宋璟一番话,荡气回肠、磊落慷慨,让张说深受感染,何况他已将金佛之事和盘托出了,倒不如明日一搏,落个好名声。想到此处,他当即道:“子曰,富与贵,是人之所欲也,不以其道得之,不处也。贫与贱,是人之所恶也,不以其道得之,不去也。君子去人,恶乎成名?请贤兄放心,愚弟绝不助纣为虐,落井下石。”

“贤弟深明大义,令人感佩之至,请受宋某一拜,且替魏大人谢过了。”宋璟立即起身,向张说行大礼。

这场廷辩一方是曾颇受武曌器重的宰相,一方是皇上的宠臣,自然引起了朝野的瞩目。当卯时三刻临近之时,塾门已聚集了不少臣僚。武三思到得最早,他刚走完司马道,就看见了二张从紫宸殿出来的身影,便主动上前问候,并小声问道:“昨夜大人可见到张说?”

张易之道:“府令回来说,张说欣然接受了礼品,表示定当相机行事。”

武三思点了点头:“只要他接受了礼品,说不说就由不得他了。否则,就告他收魏元忠贿赂。”

三人正说着话,朝臣们也纷纷到了。张易之一眼就看到了张说,隔着十几步远,便热情地招呼道:“张大人到了。”

张说和颜悦色,谦然回礼,看不出情绪上有何变化。可他一转身,殿中侍御史张廷就没头没尾地说了一句“朝闻道,夕死可矣”,而站在他身旁的左史刘知几也说了一句“无污青史,为子孙累”,他立刻就感到了一种无形的压力,倘是今天做了伪证,那可真是要落千古骂名的,他不禁在心底感谢宋璟的提醒。他环顾左右,朱敬则、张柬之、宋璟等人反倒很平静与坦然。

辰时三刻,当初升的太阳照向长安宫苑时,武钦站在含元殿门口,尖着嗓子喊道:“时辰已到,请各位大人上朝。”

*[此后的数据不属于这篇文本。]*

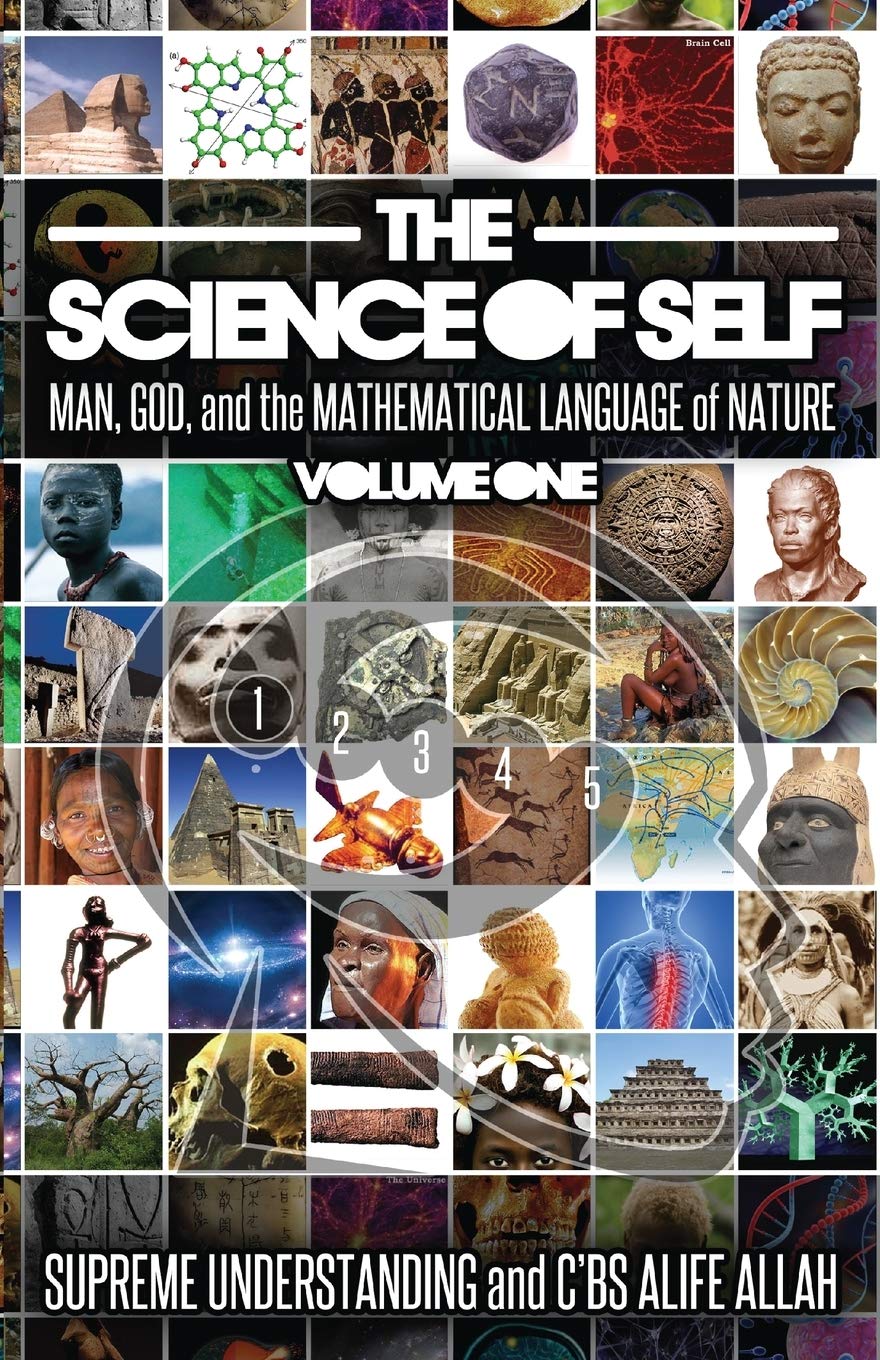 The Science Of Self: Man, God, And The Mathematical Language Of Nature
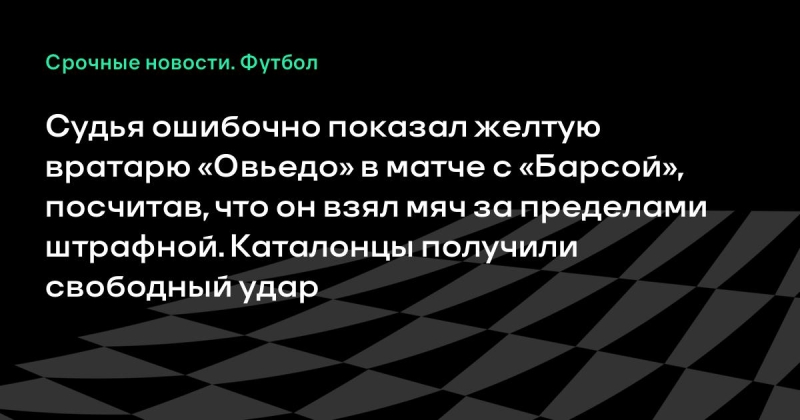 Судья ошибочно показал желтую вратарю «Овьедо» в матче с «Барсой», посчитав, что он взял мяч за пределами штрафной. Каталонцы получили свободный удар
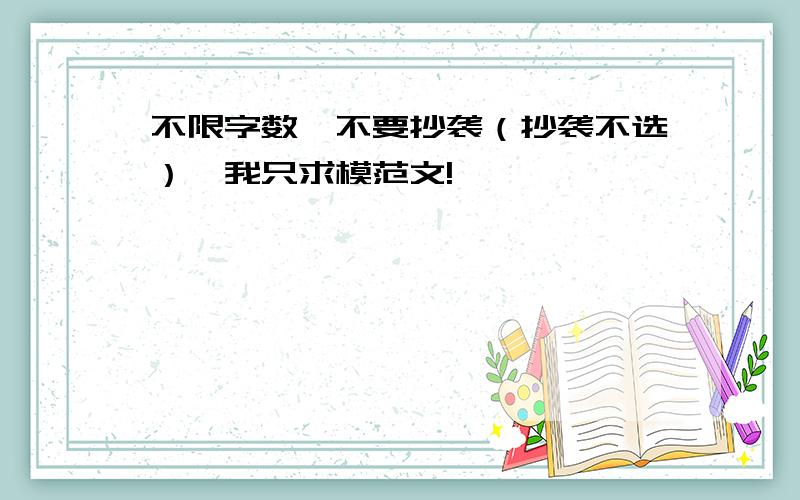 不限字数,不要抄袭（抄袭不选）,我只求模范文!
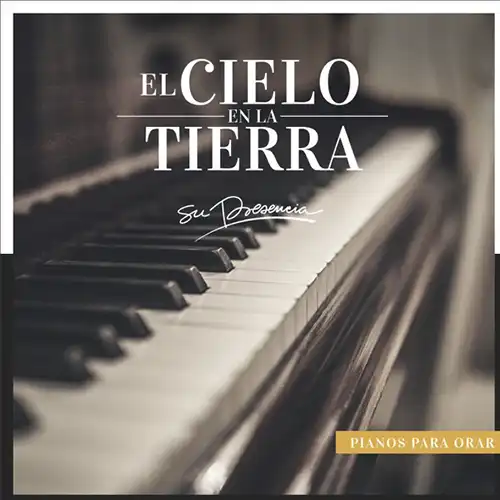 Su Presencia – El Cielo en la Tierra (Pianos para Orar) (2020)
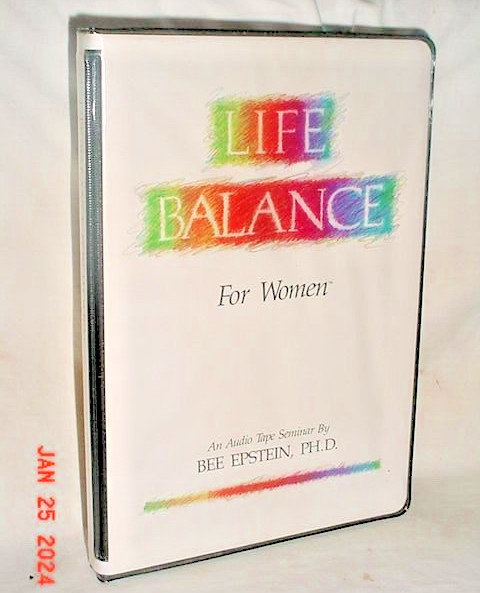 LIFE BALANCE FOR WOMEN BEE EPSTEIN 4 AUDIO CASSETTE CAREER FAMILY ADVICE SEMINAR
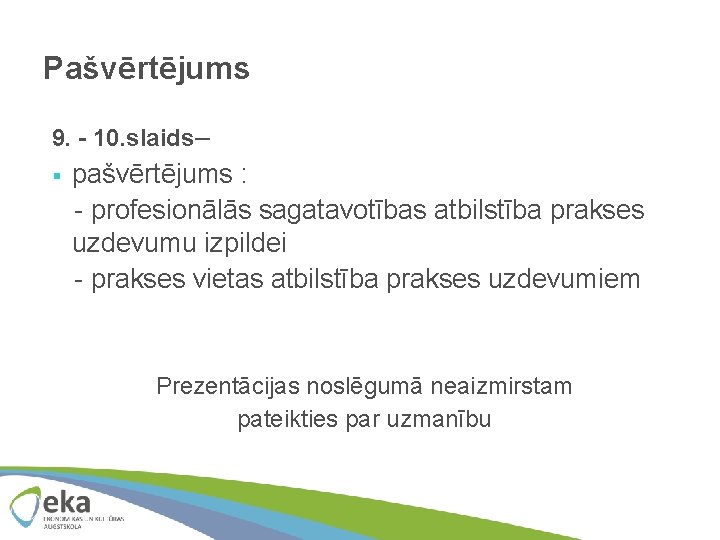 Pašvērtējums 9. - 10. slaids– § pašvērtējums : - profesionālās sagatavotības atbilstība prakses uzdevumu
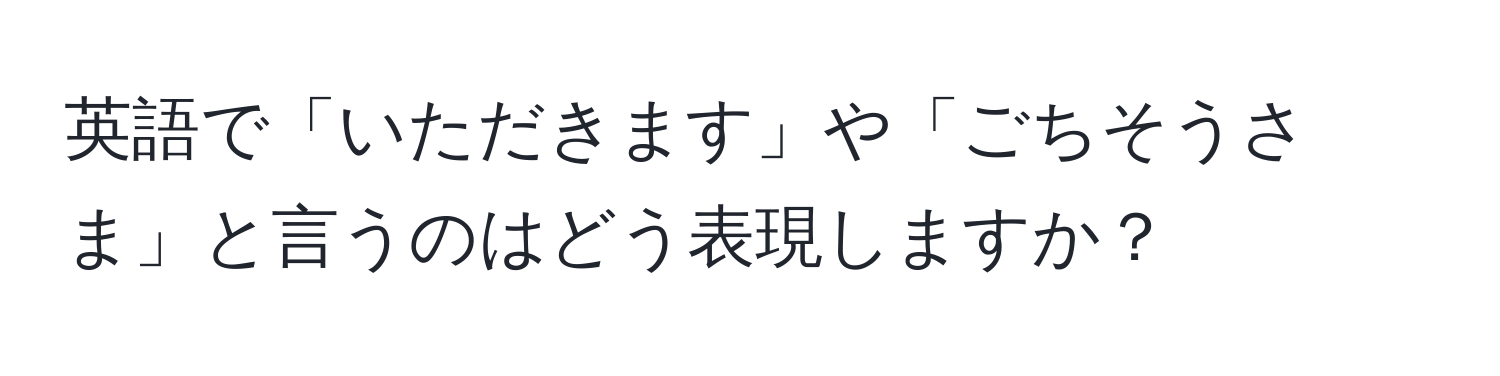 英語で「いただきます」や「ごちそうさま」と言うのはどう表現しますか？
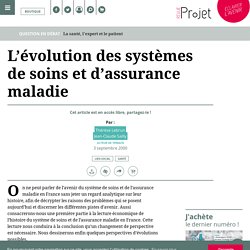 L’évolution des systèmes de soins et d’assurance maladie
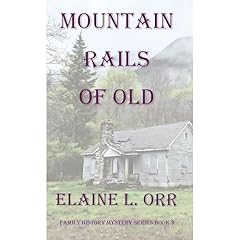 Mountain Rails of Old Audiolibro Por Elaine L Orr arte de portada
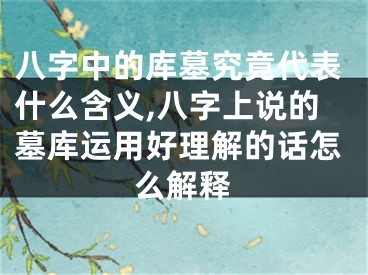 八字中的库墓究竟代表什么含义,八字上说的墓库运用好理解的话怎么解释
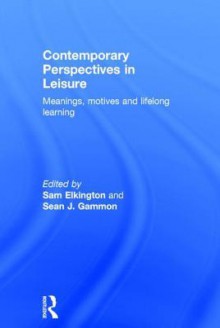 Contemporary Perspectives in Leisure: Meanings, Motives and Lifelong Learning - Sam Elkington, Sean Gammon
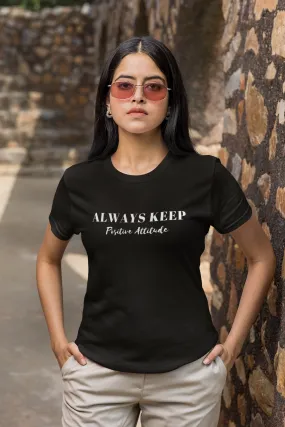 ALWAYS KEEP POSITIVE ATTITUDE WOMEN BLACK T-SHIRT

进了含元殿,臣僚们发现,今日的朝堂与往日有很大的不同。以皇上的宝座为准,两边呈半圆形散开,一边为文官行列,一边为武官行列,中间有一大块空地,留备廷辩之用。

武曌一上朝就满脸肃然,把目光投向司刑少卿徐有功并点了点头。徐有功便高声喊道:“陛下有旨,带嫌犯魏元忠。”朝臣们闻言都看向殿门,只见魏元忠戴着镣铐,被禁卫押了进来。

在牢狱的这两天,他想得很多,也想得很苦,真可谓昨日还是座上宾,一夜之间就成了阶下囚。今日一大早,徐有功就来了,一是关切他昨夜睡得可好,并为他准备了丰盛的早膳;另外也告诉他今日的廷辩证人乃凤阁舍人张说,让他心中有数。

因此,当魏元忠站在大殿中央时,他的内心很平静,他相信只要心底坦荡,也就无所畏惧了,自己一定能够洗清冤屈的。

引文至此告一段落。